GREENSBORO, N.C. — The rain came in fast across Greensboro and left just as quickly. But more is expected into next week.
Two months-worth of rain hit the City of Greensboro in a five hour span Wednesday night. Some of the areas most affected were neighborhoods like Lindley Park, West Friendly, Latham Park, and Revolution Mill.
A flash flood warning went into effect for Guilford County around 8 p.m. and ended around 10 p.m. Within that short time, Greensboro Police say "numerous" water rescues happened around the city.
Buffalo Creek reached a record flood stage level near 18 feet. That’s higher than last year during Hurricane Florence or anything else since the flood station was installed in 1998.
With all the major flash flooding we saw, we want to know if anything can be done to help the city's flooding problem. The quick answer: no. There's nothing they can do to solve the problem. But the City says it's not because they haven't tried.

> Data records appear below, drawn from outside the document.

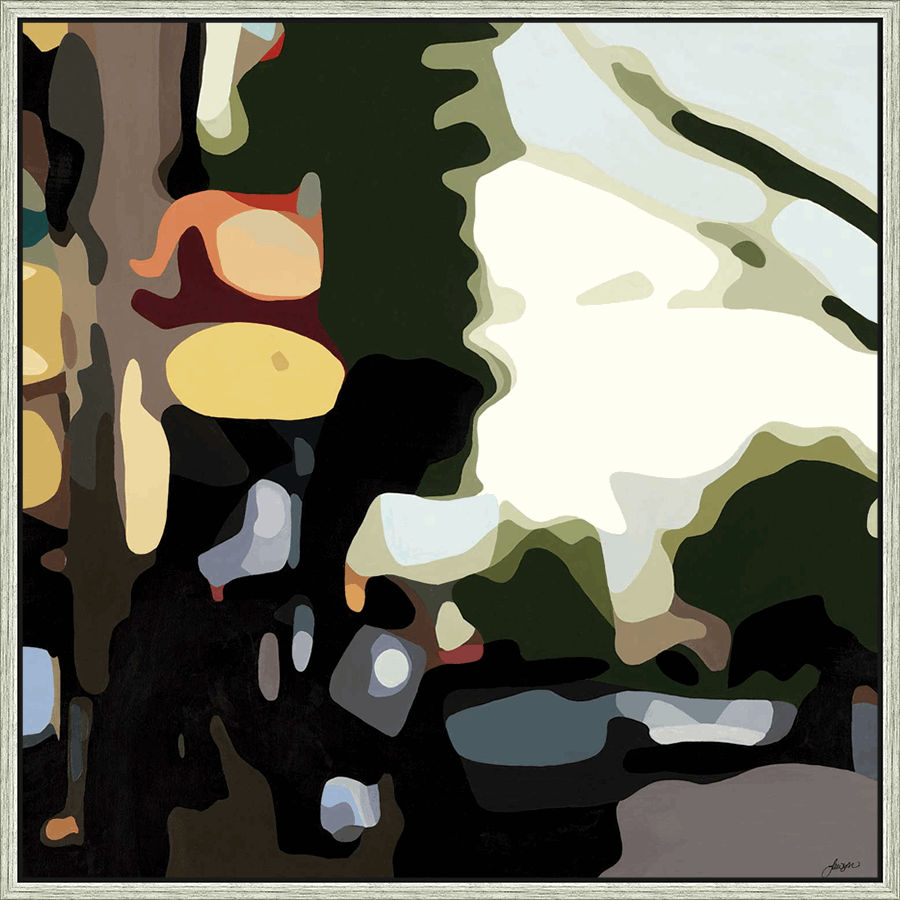 This abstract painting features a dynamic interplay of organic shapes and a rich color palette, evoking a sense of depth and movement. Warm, earthy tones blend with cool blues and greens, creating a visually engaging composition that invites contemplation. The artist's deliberate use of form and color invites viewers to interpret the piece on a personal level.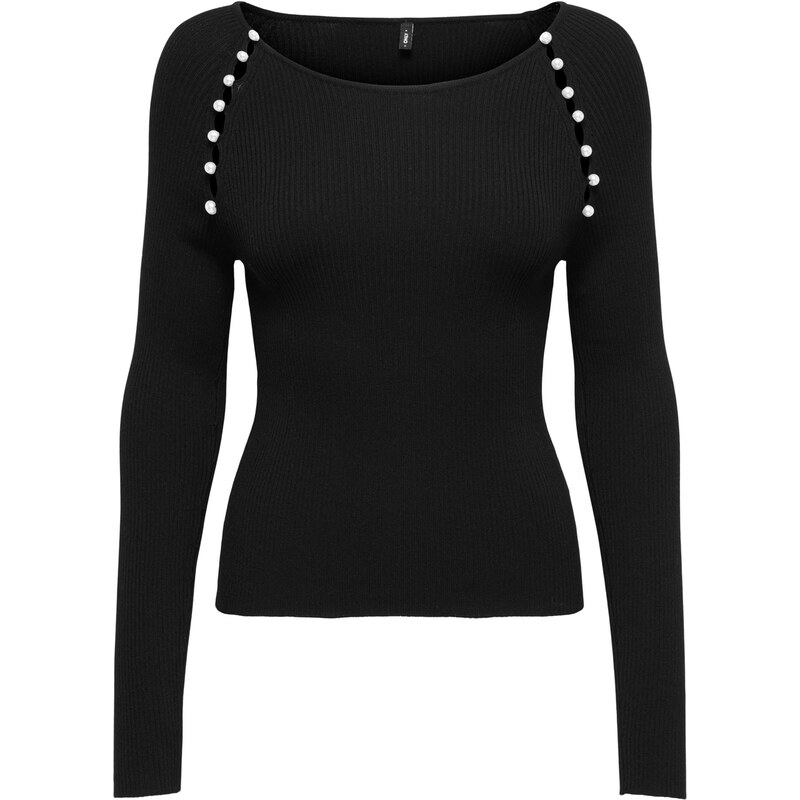 ONLY Sveter ONLMEDDI čierna / perlovo biela 67015684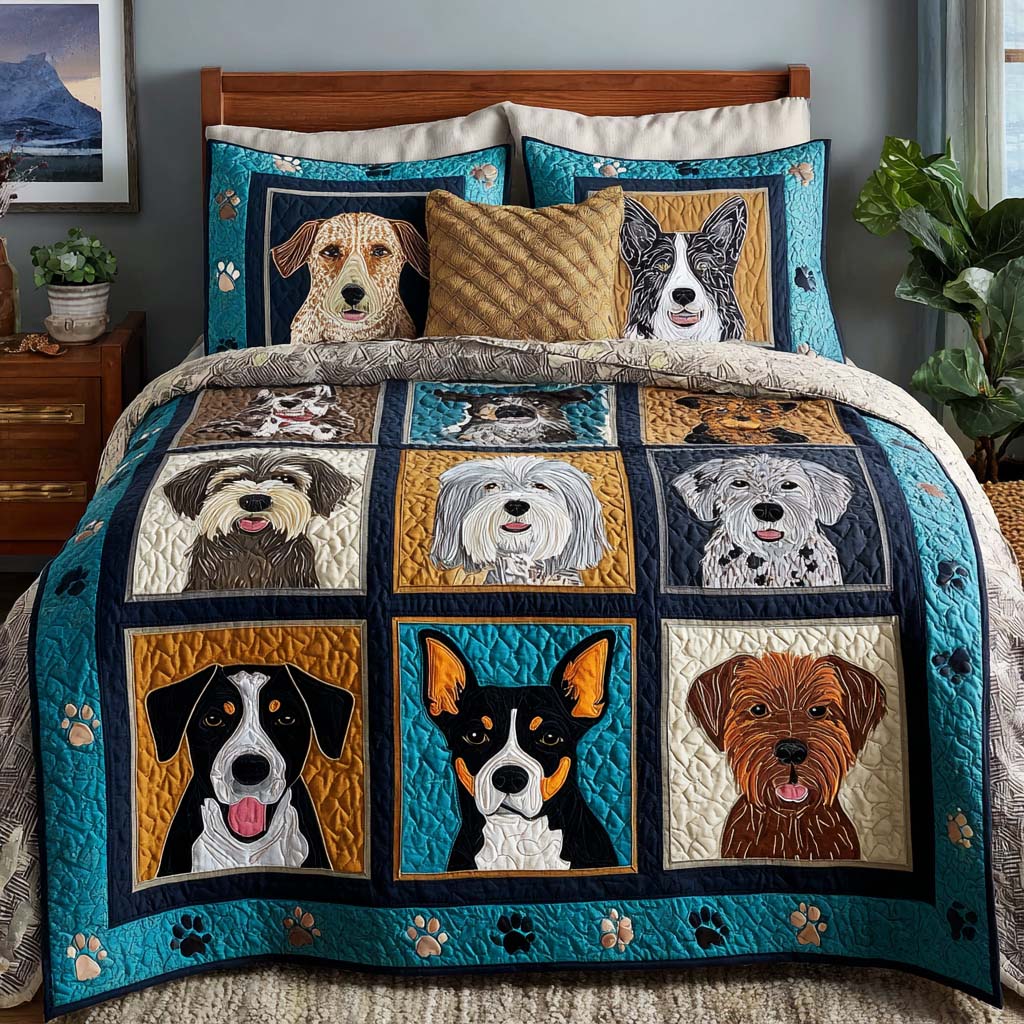 Gentle Dog 3-Piece Quilted Bedding Set NCU0NNT2676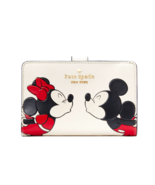New Disney x Kate Spade Minnie Mouse Medium Compact Bifold Wallet Parchment - $1,279.07 MXN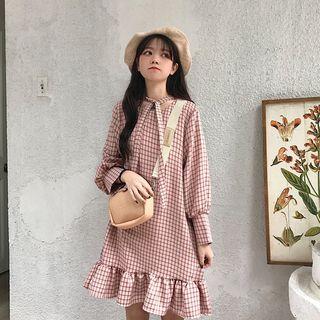Long-sleeve Checker Frill Trim Dress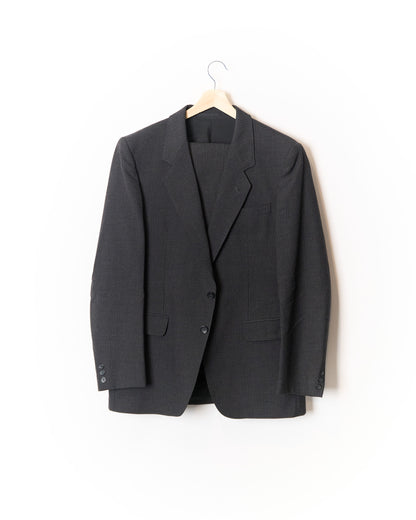 Dark Pinstripe Wide Leg Wool Suit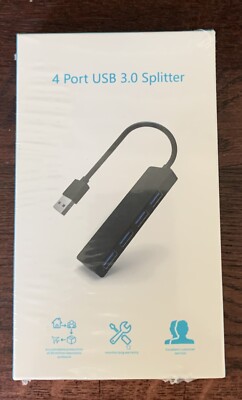 USB 3.0 Hub, Ultra Slim USB Hub - 4-Port USB 3.0 Splitter for Mac Pro/Air, Dell,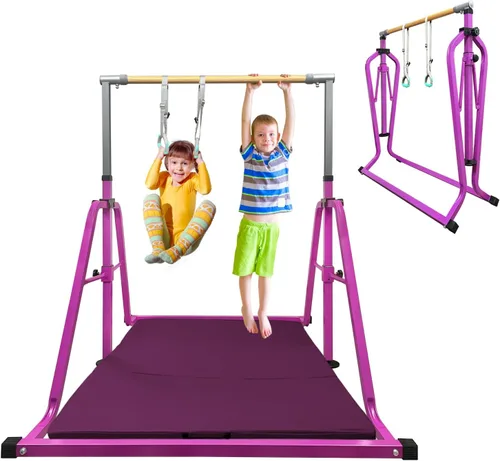 Miniatura 12 de GLANT Barra de gimnasia para niños con juego de anillos, 7 alturas ajustables, fácil de plegar, barra de entrenamiento de gimnasia para niños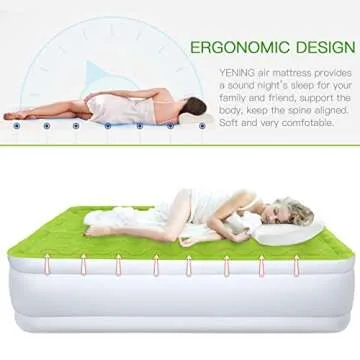 YENING Full Size Air Mattress with Built in Pump Raised Double Blow up Bed Inflatable Camping Airbed Electric 18 Inch Tall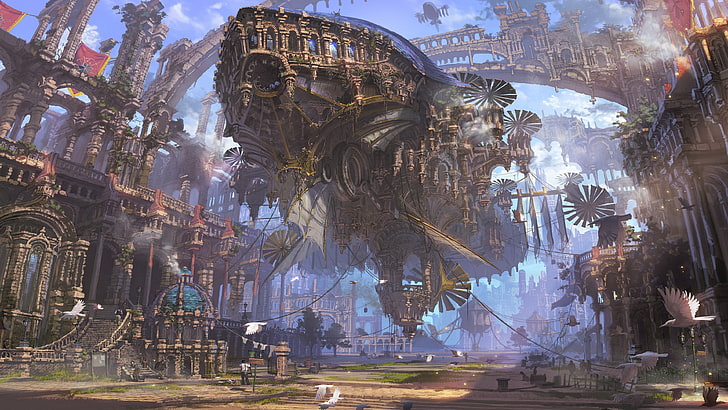 brown and blue boat illustration, cartoon movie scene, ship, ruin, airships, steampunk, futuristic, city, fantasy art, steampunk airship, HD wallpaper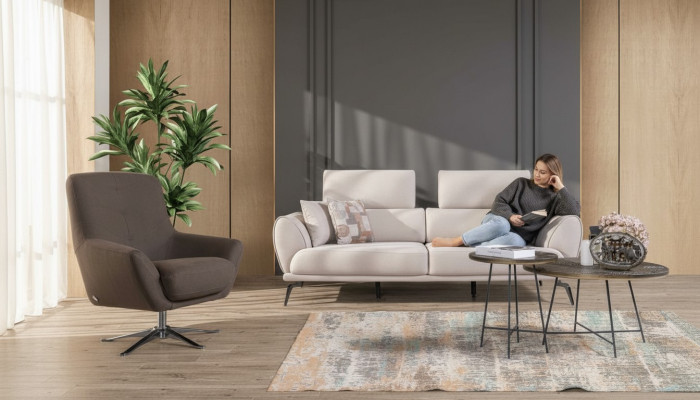 Sofá de salón marrón diseño de lujo con sillón relax conjunto de 2 piezas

"In a rain event like we had last night, there's really not much that can be done, not from an engineering perspective or otherwise." said David Phlegar, Stormwater Management Manager for the City of Greensboro. "It was a really bad storm."
The City says it's just low lying areas with streams or creeks running through and that they maintain storm drains nearly every day to prevent clogs. With heavy rains like last night's, the water in these low-lying areas has no where to go.
"That amount of rain water coming to this area, no matter what obstruction is right here, it's going to flood the area ," Phlegar added.
Another area that's seen a fair share of flooding and losses are the residents of Pinecroft Place Apartments. Flooding kept them from entering and leaving their homes for hours in early July. Last year, the city condemned 32 units at Pinecroft Place Apartments after flooding from Hurricane Florence. The same units condemned in 2003.
One resident, Zach Price, says last night was worse than the flooding in July.
"Water [got] into engines of cars," he shared. "[It] was worse this time and this is the second time in two weeks."
Don Sheffield, Chief Building Inspector for the City of Greensboro says the complex has submitted proposals for a flood wall to help.
"The problem is if they build a flood wall, they make units inaccessible for handicap people," said Sheffield.
This is a developing story as we look for answers from experts on what are some of the options the City has, but hasn't been able to achieve.